For the architecture community, whatever early in the architecture design process or later in the system evaluation, it is time-consuming to run a comprehensive benchmark suite. The complex software stacks of the big data and AI workloads aggravate this issue. To tackle this challenge, we propose the data motif-based simulation benchmarks (IISWC’18 paper) for architecture communities, which speed up runtime 100 times while preserving system and micro-architectural characteristic accuracy.
Also, we propose another methodology to reduce the benchmarking cost, we select a small number of representative benchmarks, called the BigDataBench subset according to workload characteristics from an architecture perspective. We provide the BigDataBench architecture subset (IISWC’14 paper) on the MARSSx86, gem5, and Simics simulator versions, respectively.
1 Data Motif-based Proxy Benchmarks
We embark on a study to bridge the gap between data motif and a practical proxy benchmark. We propose a data motif-based proxy benchmark generating methodology by means of machine learning method, which combine data motifs with different weights to mimic the big data and AI workloads.
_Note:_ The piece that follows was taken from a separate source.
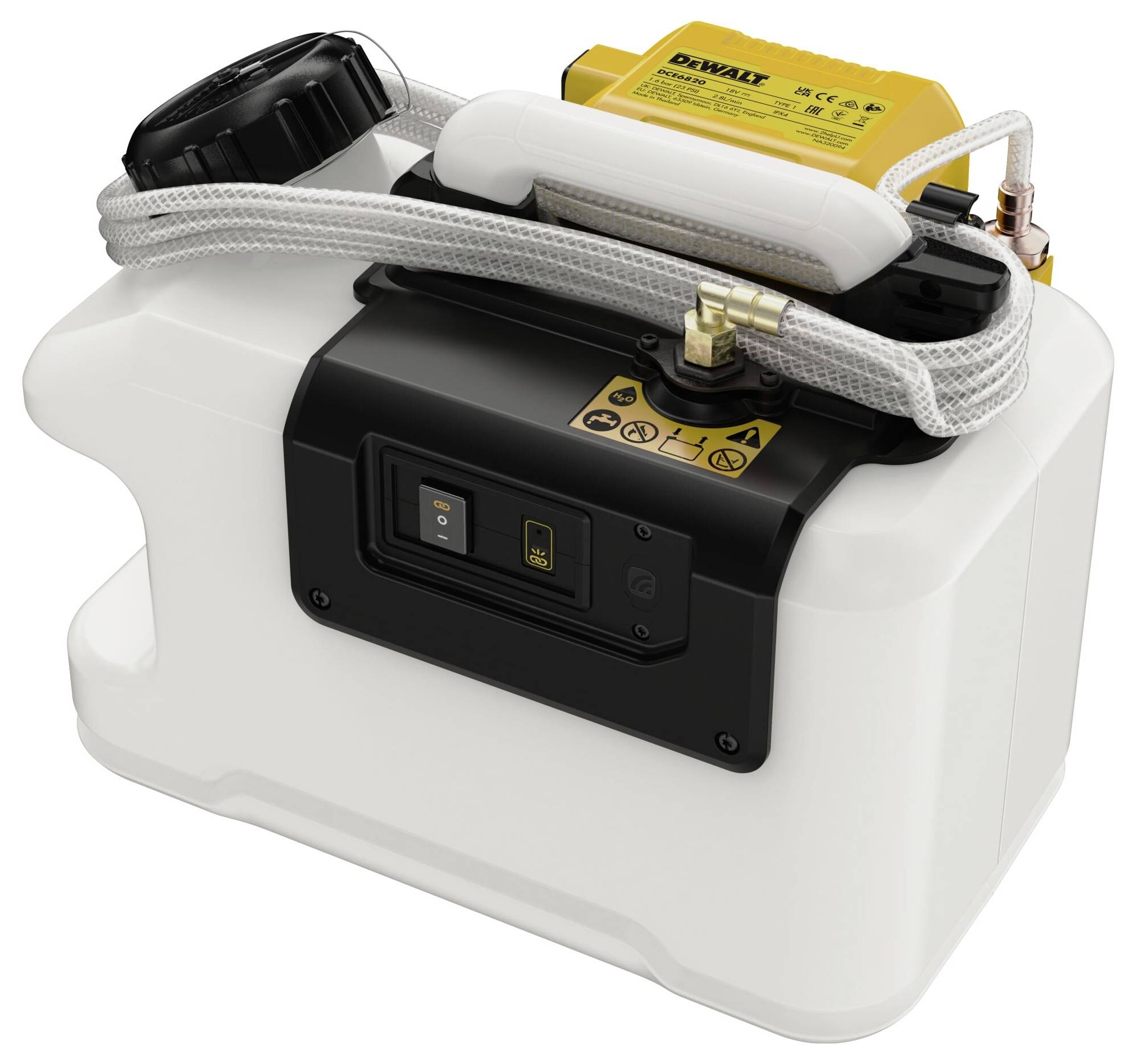 Przenośny pojemnik chłodzący w kolorze białym i czarnym z żółtą etykietą. Na górze znajduje się uchwyt, a dwa przewody są podłączone.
Furthermore, we implement various data motifs using light-weight stacks and apply the methodology to five real-world workloads to construct a suite of proxy benchmarks, considering the data types, patterns, and distributions. The evaluation results show that our proxy benchmarks shorten the execution time by 100s times on real systems while maintaining the average system and micro-architecture performance data accuracy above 90%, even changing the input data sets or cluster configurations. Moreover, the generated proxy benchmarks reflect consistent performance trends across different architectures.
The data motif-based proxy benchmark generating method- ology is illustrated in Fig. 1. The whole methodology consists of the following steps. For a given workload, we first get its system and architecture level profiles to identify the hotspot functions. Then we correlate hotspots to the code fragments of the workload through bottom-up analysis. After that, we select the corresponding data motif implementations to represent the real-world workload. The final proxy benchmarks are generated using a DAG-like combination of data motifs. To generate qualified proxy benchmark that satisfies the requirements of performance data accuracy, such as cache behaviors or I/O behaviors, we provide an auto-tuning tool to tune the parameters of both data motif and the proxy benchmark.
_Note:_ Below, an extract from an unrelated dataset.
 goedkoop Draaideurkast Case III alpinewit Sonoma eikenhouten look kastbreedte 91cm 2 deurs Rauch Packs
Figure 1 Data Motif-based Proxy Benchmark Generating Methodology.
Based on the eight data motifs, we provide light-weight implementations using POSIX threads model , as illustrated in Fig. 2. Since the workload behaviors are sensitive to input data, we guarantee the sensitiveness of data motifs from the perspectives of data input and implementation. We provide various data input with different types, patterns and distributions, i.e., covering text, graph and matrix data, through data generation tools. Our implementation considers the execution model of software stacks and the programming styles of workloads using specific software stacks, which have great influences on workload behaviors , . Fig. 2 lists all data motif implementations for both big data and AI. We use the POSIX threads model and consider the processes of original big data and AI software stacks.
Figure 2 The Overview of the Data Motif Implementations.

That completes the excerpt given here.